Das Sozialgericht Fulda sah keinen Arbeitsunfall. Begründung: Essen und Trinken während der Arbeit seien eigenwirtschaftliche Tätigkeiten und damit grundsätzlich nicht versichert. Das Hessische Landessozialgericht entschied dagegen: Der Weg im Betrieb zum Sozialraum stehe unter Versicherungsschutz, weil er der Aufrechterhaltung der Arbeitsfähigkeit diene und im betrieblichen Kontext stattfinde.
Das Bundessozialgericht bestätigte nun die Auffassung des Landessozialgerichts.

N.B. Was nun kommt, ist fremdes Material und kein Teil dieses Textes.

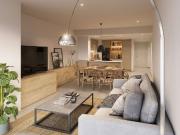Piso en venta en calle Bernat Boades, Girona, de 82 m² 2...
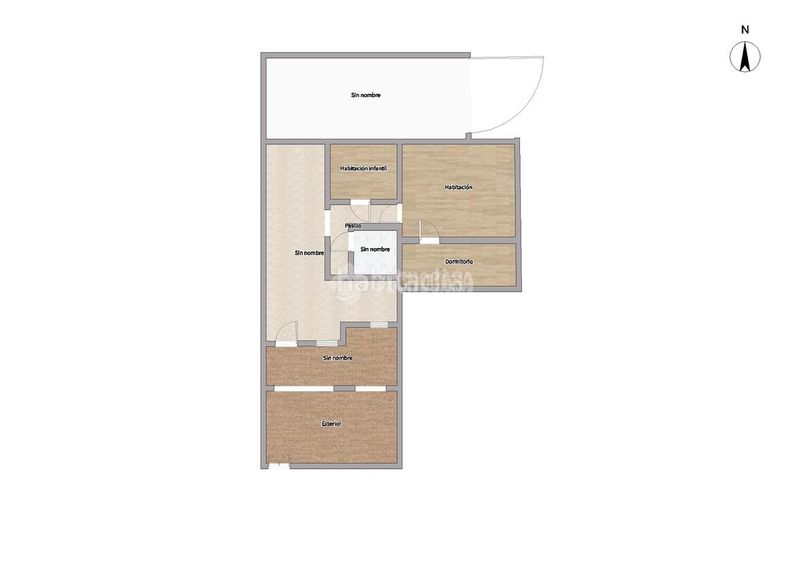 Foto e4be790d-7fbc-41bf-a044-4e0f9f436f09. Maison avec parking dans Las Cabañuelas Vícar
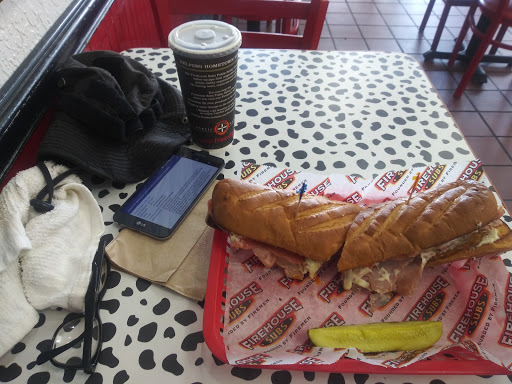 Sandwich Shop «Firehouse Subs», reviews and photos, 2525 W International Speedway Blvd #170, Daytona Beach, FL 32114, USA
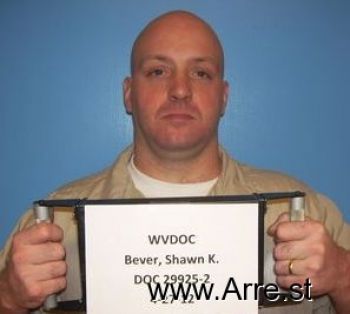 Shawn K Bever Mugshot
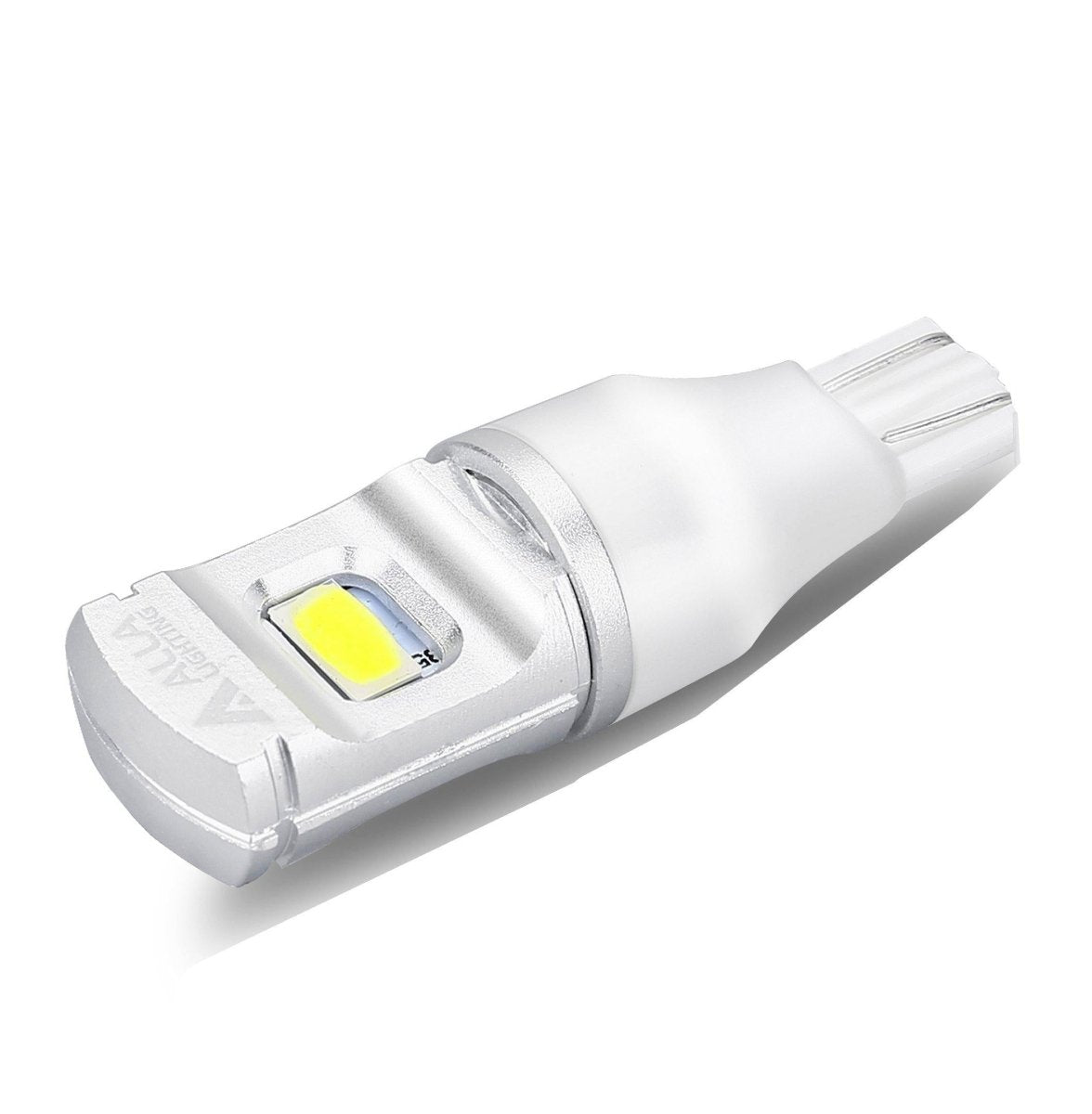 T15 Led Light Bulb 921 LED Bulb W16W 800LM HID White for Backup Reverse  Lights (Pack of 2)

Zwar sei das Trinken von Kaffee für sich genommen eine private, also „eigenwirtschaftliche“ Tätigkeit. Doch der Unfall sei nicht beim Trinken passiert, sondern beim Weg zum Automaten. Dieser Weg habe sich in einem Raum ereignet, den der Arbeitgeber ausdrücklich als Sozialraum für die Getränkeversorgung vorgesehen habe.
Damit habe die Klägerin einer spezifischen Betriebsgefahr unterlegen: Sie sei auf einem Boden ausgerutscht, dessen Nässe durch die vom Arbeitgeber beauftragte Reinigung entstanden war. Der Sozialraum und seine Gefahren gehörten also eindeutig zur Risikosphäre des Arbeitgebers. Deshalb sei der Sturz als Arbeitsunfall anzuerkennen.
Das Urteil hat eine klare Botschaft: Nicht nur der direkte Arbeitsplatz, sondern auch Räume, die der Arbeitgeber für Pausen, Verpflegung oder Getränke bereitstellt, sind Teil des versicherten Gefahrenbereichs. Passiert dort ein Unfall, ist die gesetzliche Unfallversicherung in der Regel leistungspflichtig.